5. Surrounding Yourself with Supportive People (08:32 – 09:39)
- Dr. Laura suggests only spending holidays with the most laid-back, understanding individuals:
- "If you were to make a commitment now, I'd suggest you make it to the people who are the most laid back...because then they don't have expectations of how you're supposed to behave at dinner, how you're supposed to feel, what they can say." (08:32)
- She’s emphatic about avoiding those who offer negative feedback or criticize someone's emotional state:
- "Those are the people to avoid. Seriously, I don't care who they are. They're the people to avoid. Right now, only the people who are laid back…those are the ones who really care." (09:08)
6. Navigating Family and Parenting Guilt (09:54 – 12:30)
- Linda is also unsure how to communicate her needs to her adult sons (ages 21 and 25) and feels guilt about possibly pushing them away.
- Dr. Laura says honesty and openness are best:
- "Tell your boys I'm not ready. If you'd like to go, I suggest you go if you feel comfortable. I'm just not ready. Don't feel you have to stay with me. It's nice, but it's not necessary." (10:05)
- Dr. Laura notes the difference in grief:
- "They lost a parent. That's different than a husband...They're getting on with life in a different way because it's a different situation." (11:33)
- She suggests planning a relaxed gathering a few days after the holidays, shifting expectations to alleviate pressure and guilt for everyone.
7. Permission for Self-Care and Moving Forward (12:30 – 13:39)
- Dr. Laura urges Linda and listeners to stop feeling pressed to “be okay” for others:
- "I'd like you just to take care of yourself now and not be imagining you have to be all okay because people are kind of pushing you to be." (13:06)

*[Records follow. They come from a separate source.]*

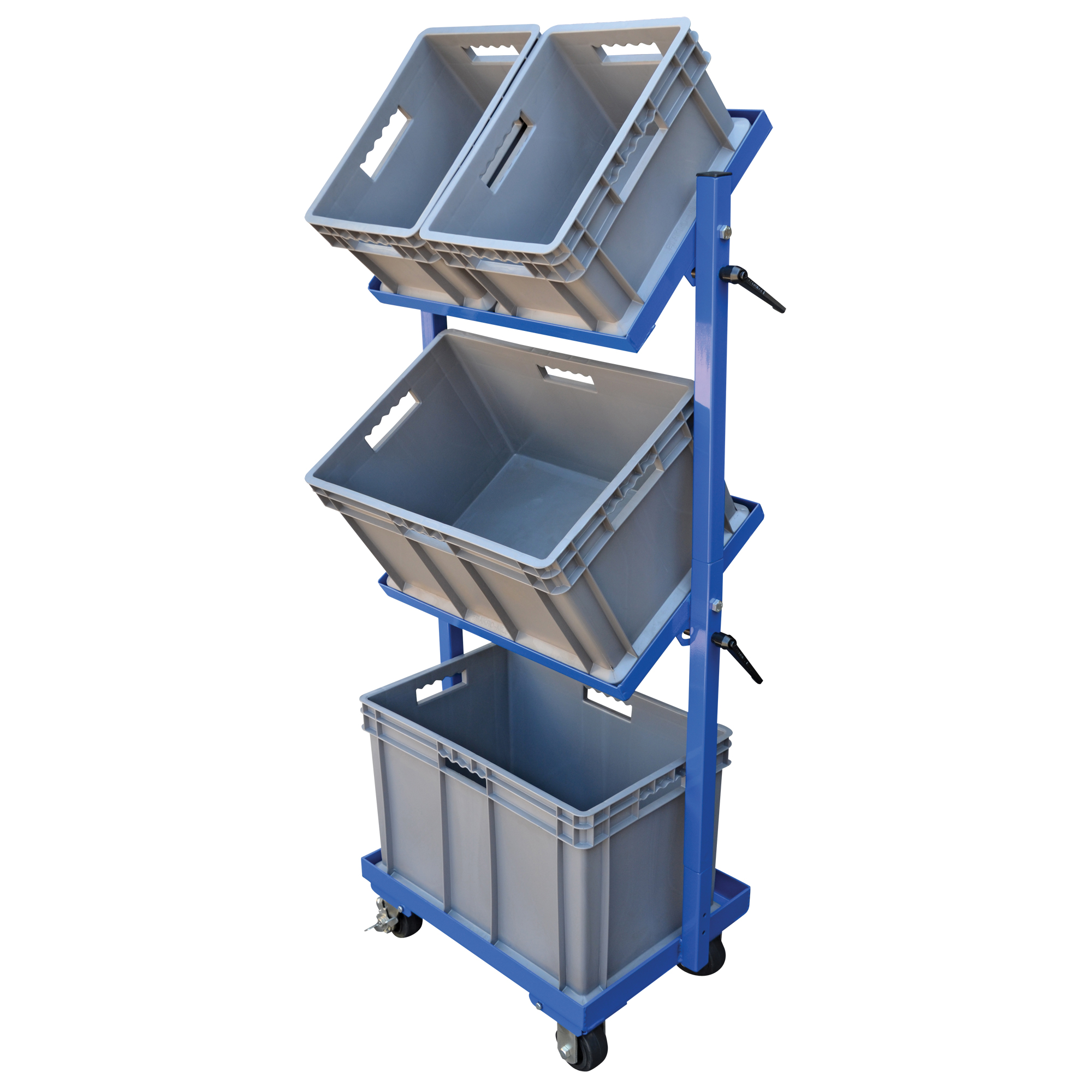 Chariot à cueillette, Acier, 30-11/16" la x 19-1/4" p, 3 tablettes, Capacité 300 lb
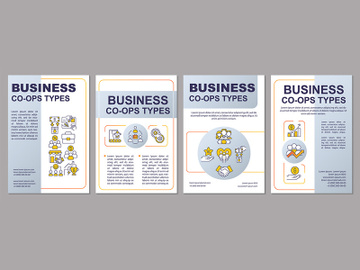 Business co-ops types grey brochure template preview picture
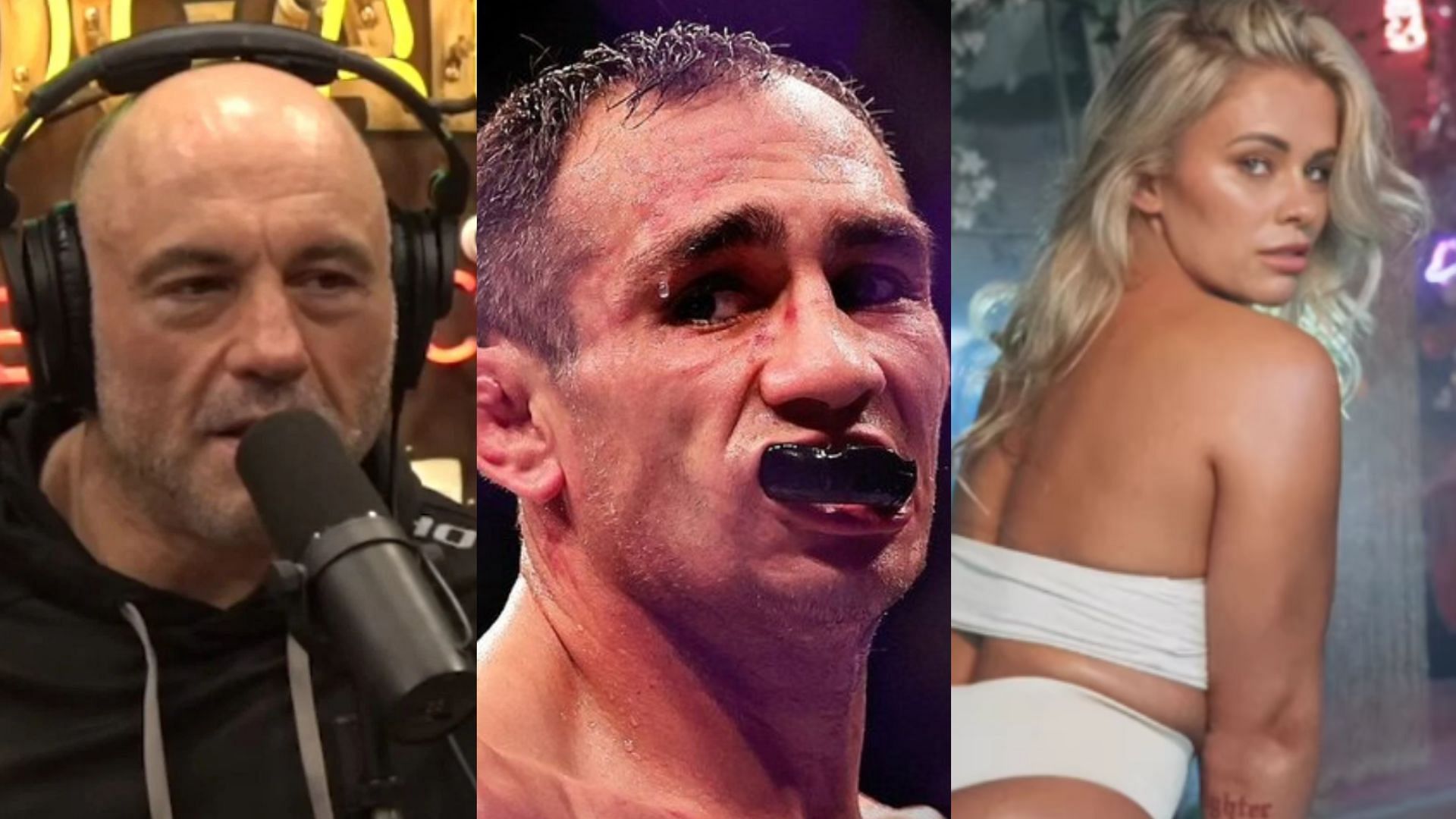 Joe Rogan (left), Tony Ferguson (centre), Paige VanZant (right) [Images courtesy of JRE on YouTube, @ufc &amp; @paigevanzant on Instagram]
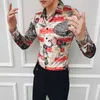 Winter Stylish Party Dress Long Sleeves New Shirts Casual Baroque Velvet Shirts Mens Silk Flannel Leopard Print Clothing240x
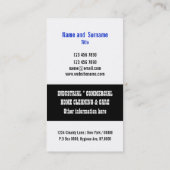 クリーニングサービスプロフェッショナルは個人化なります 名刺 (裏面)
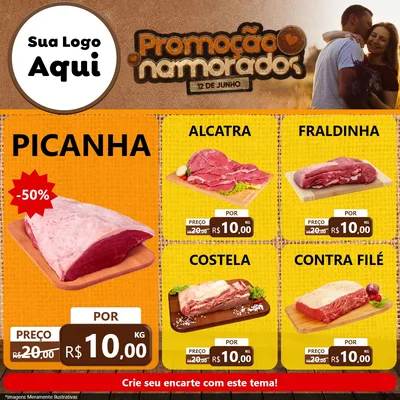 Modelo de Rede Social para Feed Facebook com o tema Promoção Namorados para Açougue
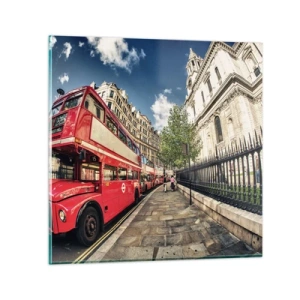 Impression sur verre - Image sur verre - Rue de Londres en gris et rouge - 60x60 cm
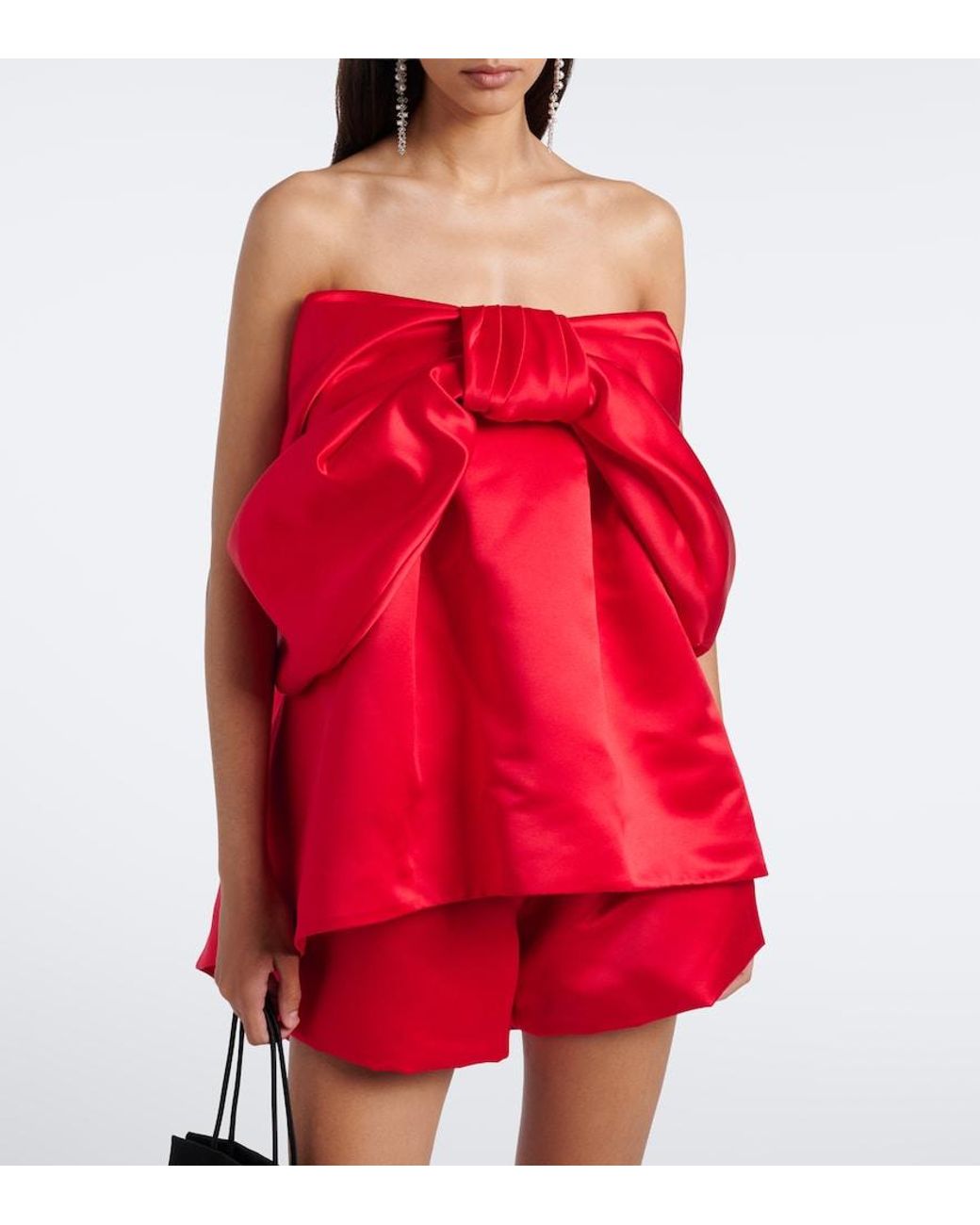 Simone Rocha Red Bow-Detail Satin Top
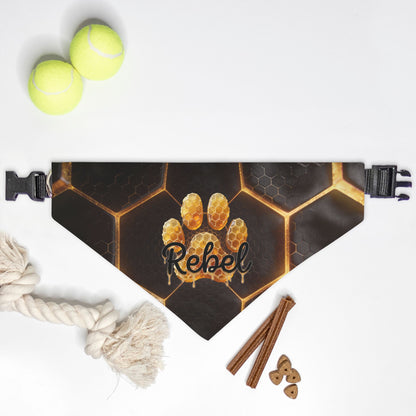 Honeycomb Glow Paw Print Custom Bandana
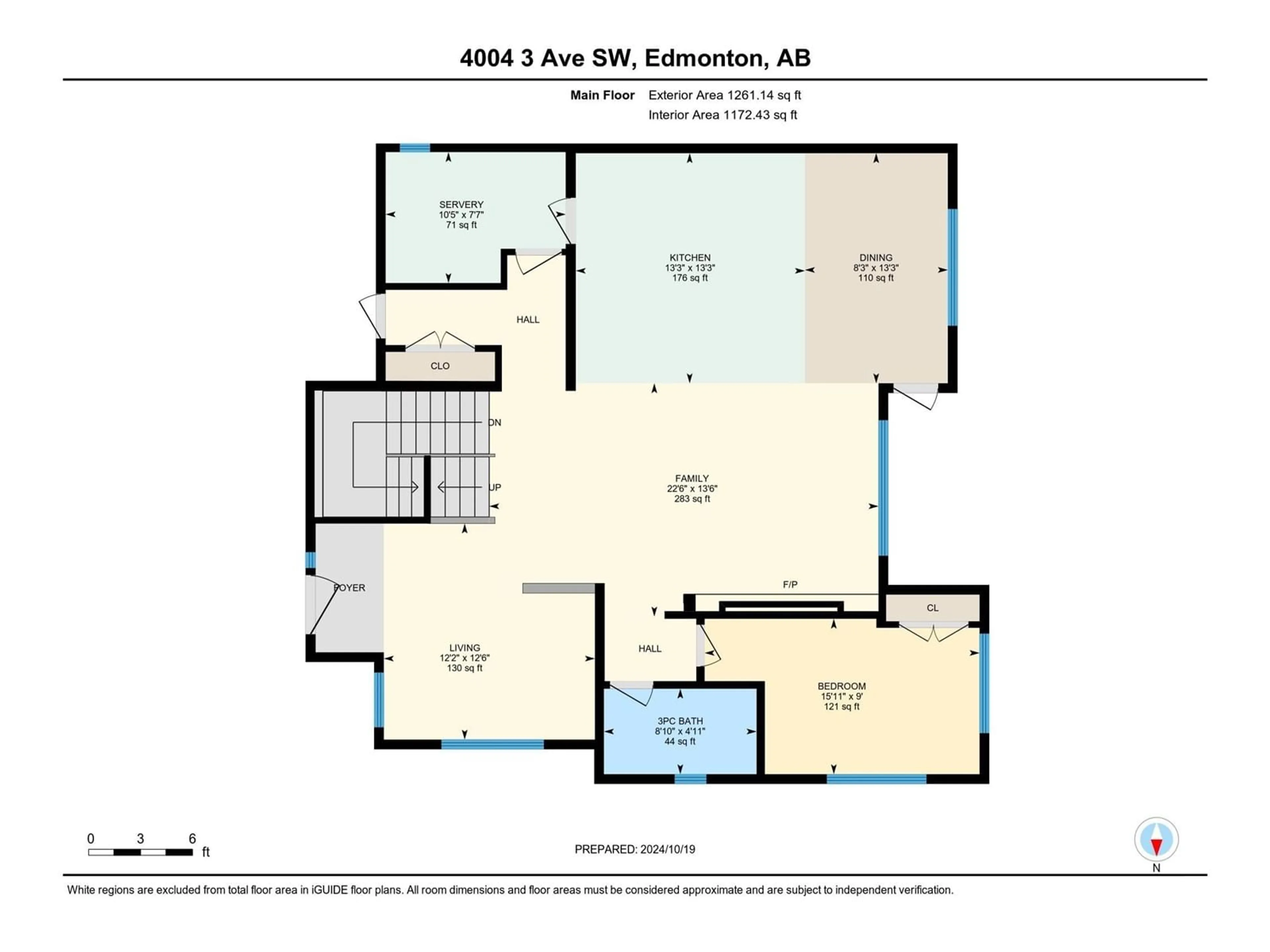 Floor plan for 4004 3 AV SW, Edmonton Alberta T6X3A3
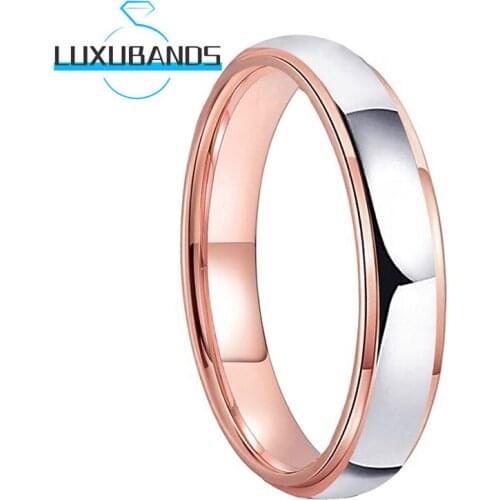 Wemens 4MM Rose Gold Wedding Rings Stepped Edges Tungsten Engagement Bands Polished Finished Comfort Fit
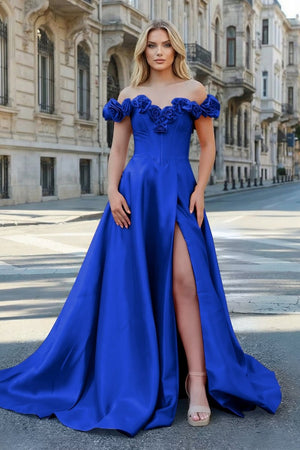 Fuchsia Off the Shoulder Corset Bodice A - Line Prom Dress - KissProm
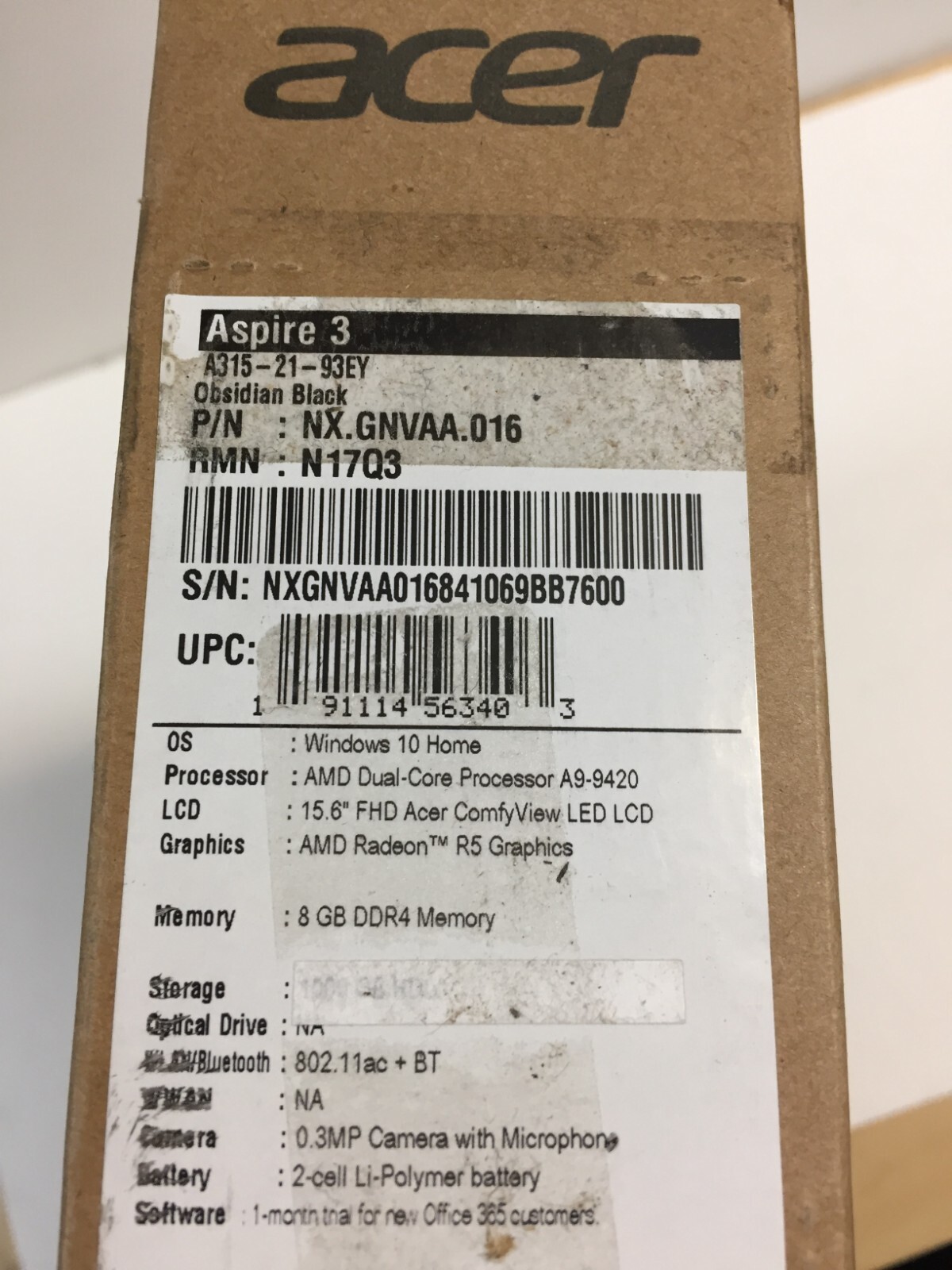 *Bad Battery*Acer Aspire 3 A315-21-93EY 15.6″ Laptop/AMD A9-9420/8GB/128GB SSD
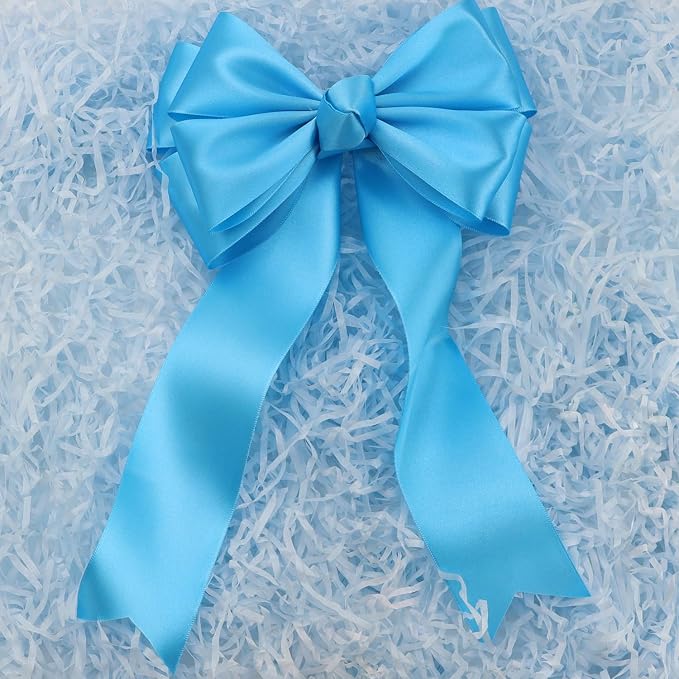 Light Blue Solid Satin Ribbon 2 Inch 25 Yards Solid Polyester Fabric Ribbon - Image 5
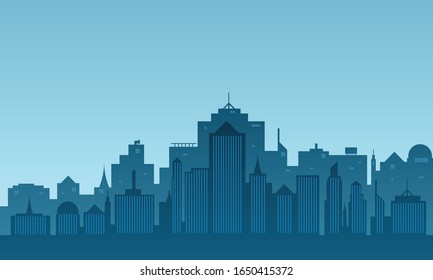 City silhouette with many tall buildings in the morning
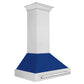 ZLINE 36" Satin Stainless Steel Wall Mount Range Hood with Blue Gloss Shell and Stainless Steel Handle, 8654SNX-BG36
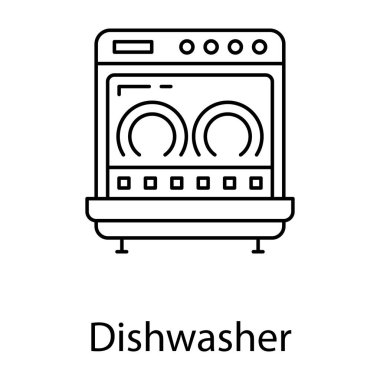 Mutfak aletleri, otomatik bulaşık makinesi tasarımı simgesi.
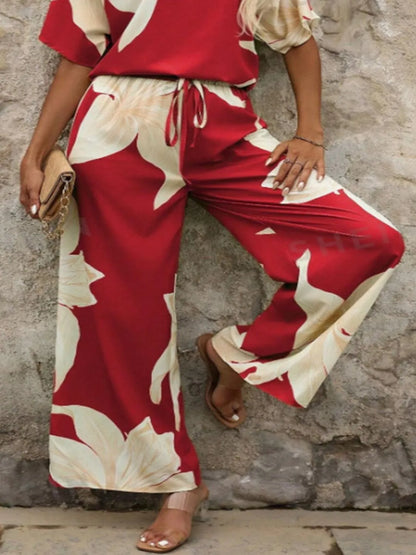 Printed Classy Wide Leg Pants Set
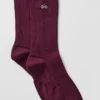 Unisex Yarım Bilekli Sade Çorap - Bordo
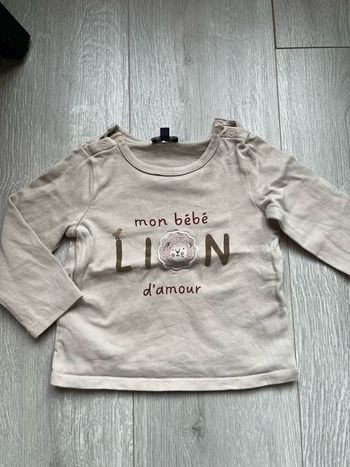 T-shirt manches longues Sergent Major - "Mon bébé lion d'amour" - 18 mois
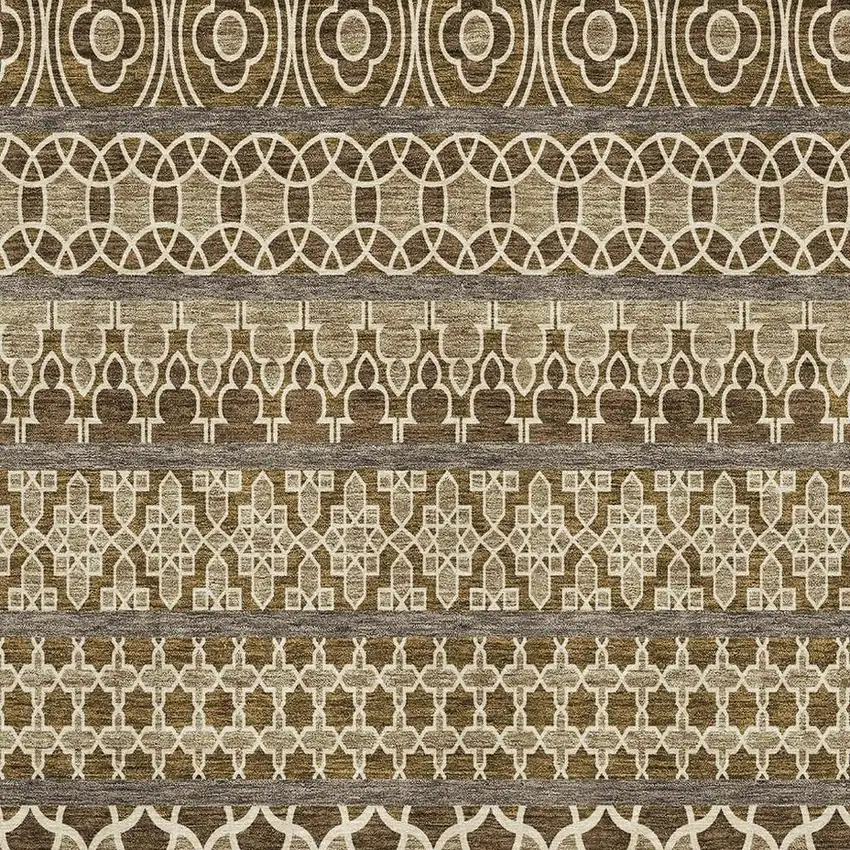 Coffee Taupe And Ivory Ikat Washable Area Rug With UV Protection Photo 3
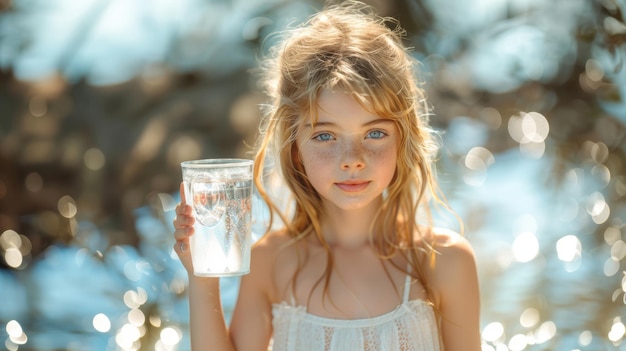 Ein junges Mädchen hält ein Glas Wasser im Sonnenlicht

- She reiterates that self-care and honest communication are vital in times of grief.
Notable Quotes & Memorable Moments
- Dr. Laura: "You're not here to please anybody anymore, if that's been your style of life. You're trying to figure out where you are in the universe now that you're without him." (05:00)
- Linda: "I'd like to think I could wake up on and be ready, but I'm just not." (10:53)
- Dr. Laura: "Those are the people to avoid. Seriously, I don't care who they are. They're the people to avoid. Right now, only the people who are laid back…those are the ones who really care." (09:08)
- Dr. Laura: "It's not pushing them away. It's saying, you know, I'm looking forward to next year, getting more into the season, but this time I think I'm going to lay low. So how about after Christmas, all four of you come and we'll go to brunch together somewhere and just be in a relaxed thing." (11:26)
Important Segment Timestamps
- [01:56] – Linda introduces her problem: Holidays and grief after losing her husband
- [02:33] – Dr. Laura’s direct advice to focus on Linda's own needs, not other people’s expectations
- [03:36] – Discussion about permission to take space and ignore pushy or critical people
- [05:00] – Dr. Laura describes the shift in identity after spousal loss
- [08:32] – Who to spend the holidays with: The importance of laid-back, supportive company
- [10:05] – How to communicate openly and honestly to adult children about holiday plans
- [11:26] – Suggestion for an alternate family gathering after the holiday to relieve pressure
- [13:06] – Closing advice on self-care and resisting pressure to “be okay”
Tone & Language
Dr. Laura maintains her trademark blend of bluntness and warmth: she is direct, honest, and sometimes tough, but her advice is rooted in genuine care and empathy for her caller’s unique pain and confusion. Throughout the episode, she uses humor and firm language to cut through guilt and obligation, empowering Linda and listeners to set boundaries and prioritize their own healing journey.
Summary Prepared for Listeners Seeking Guidance on Coping with Grief During the Holidays.